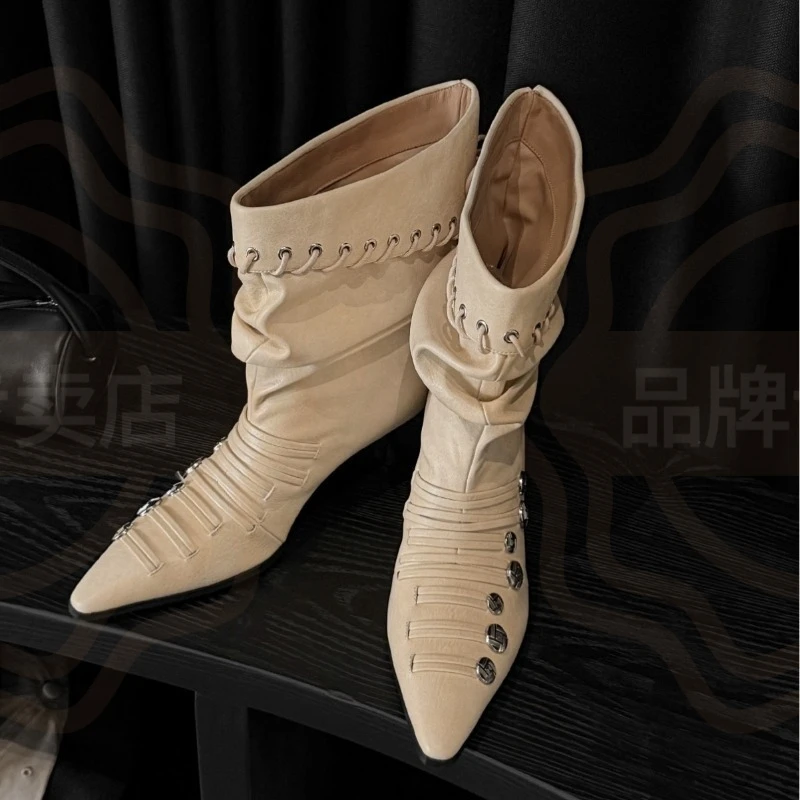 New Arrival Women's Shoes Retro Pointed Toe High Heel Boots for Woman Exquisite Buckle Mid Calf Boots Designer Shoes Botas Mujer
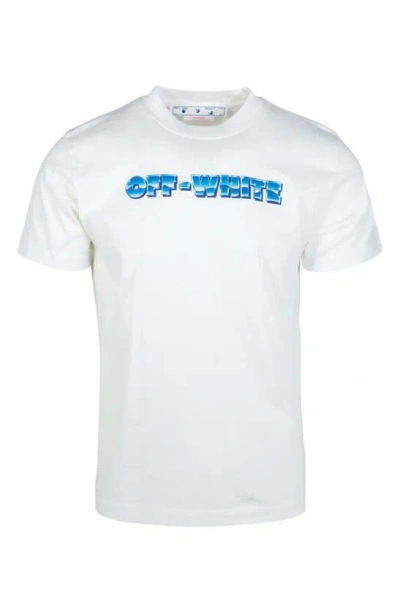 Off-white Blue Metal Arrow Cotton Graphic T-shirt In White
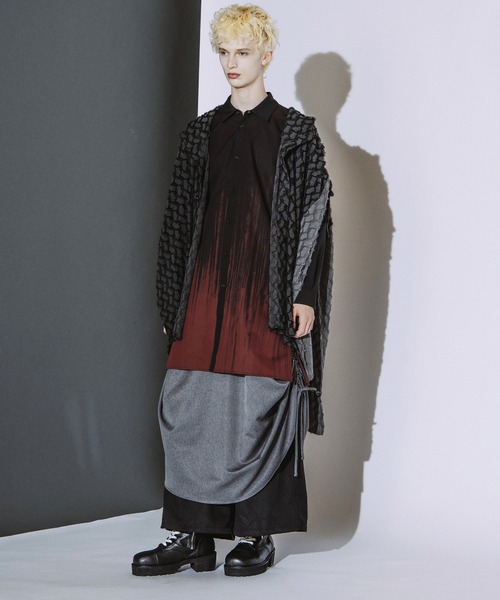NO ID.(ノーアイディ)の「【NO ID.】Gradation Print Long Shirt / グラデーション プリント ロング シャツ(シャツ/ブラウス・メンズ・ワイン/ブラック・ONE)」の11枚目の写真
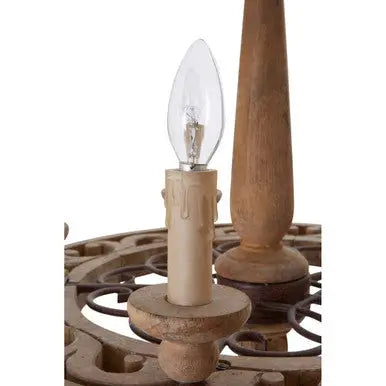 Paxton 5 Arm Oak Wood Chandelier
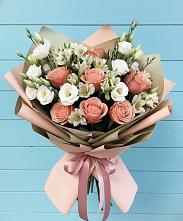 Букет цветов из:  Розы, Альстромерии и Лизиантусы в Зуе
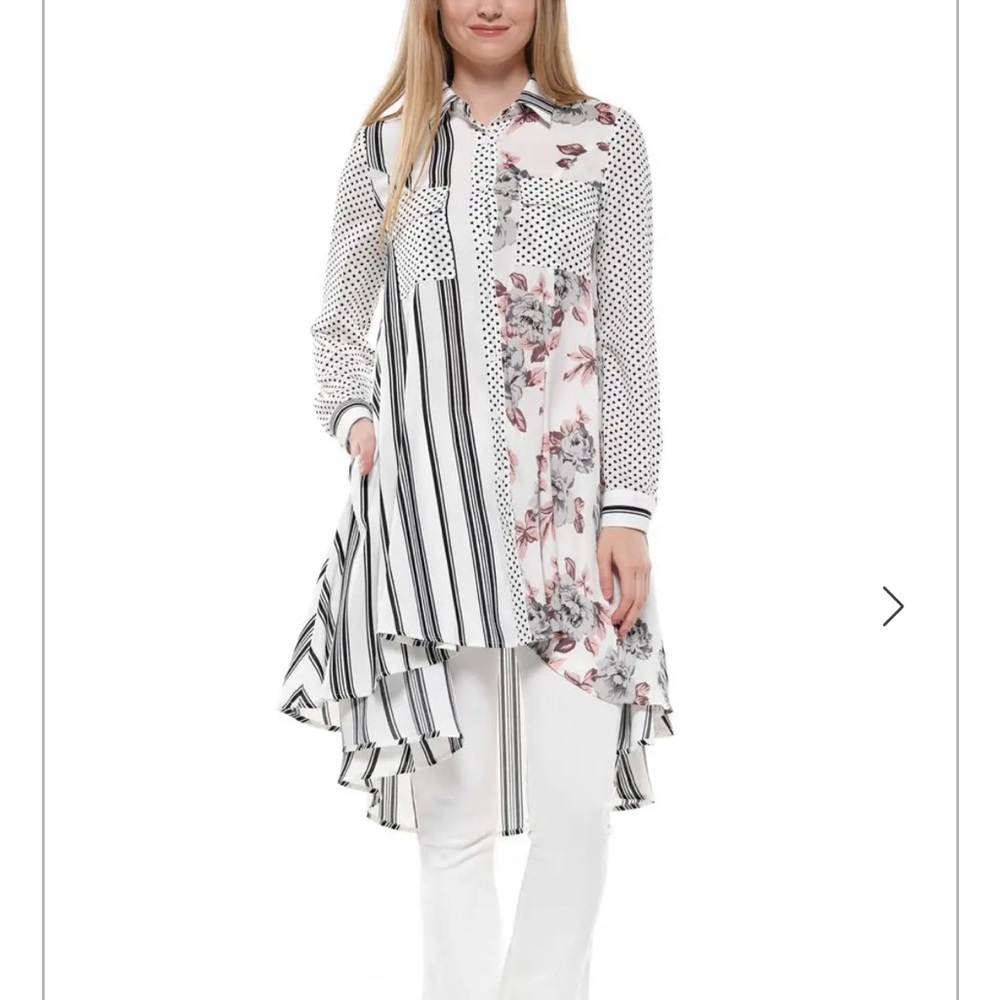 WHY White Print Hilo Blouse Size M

● **What is required**: Find the line that contains "Off-white Blue Metal", then write out that line and every line after it through the end of the records, exactly. Leave the pictures out.

● **Solution for this task**:
 Off-white Blue Metal Arrow Cotton Graphic T-shirt In White
NO ID.(ノーアイディ)の「【NO ID.】Gradation Print Long Shirt / グラデーション プリント ロング シャツ(シャツ/ブラウス・メンズ・ワイン/ブラック・ONE)」の11枚目の写真
 Paxton 5 Arm Oak Wood Chandelier
 Букет цветов из:  Розы, Альстромерии и Лизиантусы в Зуе
 WHY White Print Hilo Blouse Size M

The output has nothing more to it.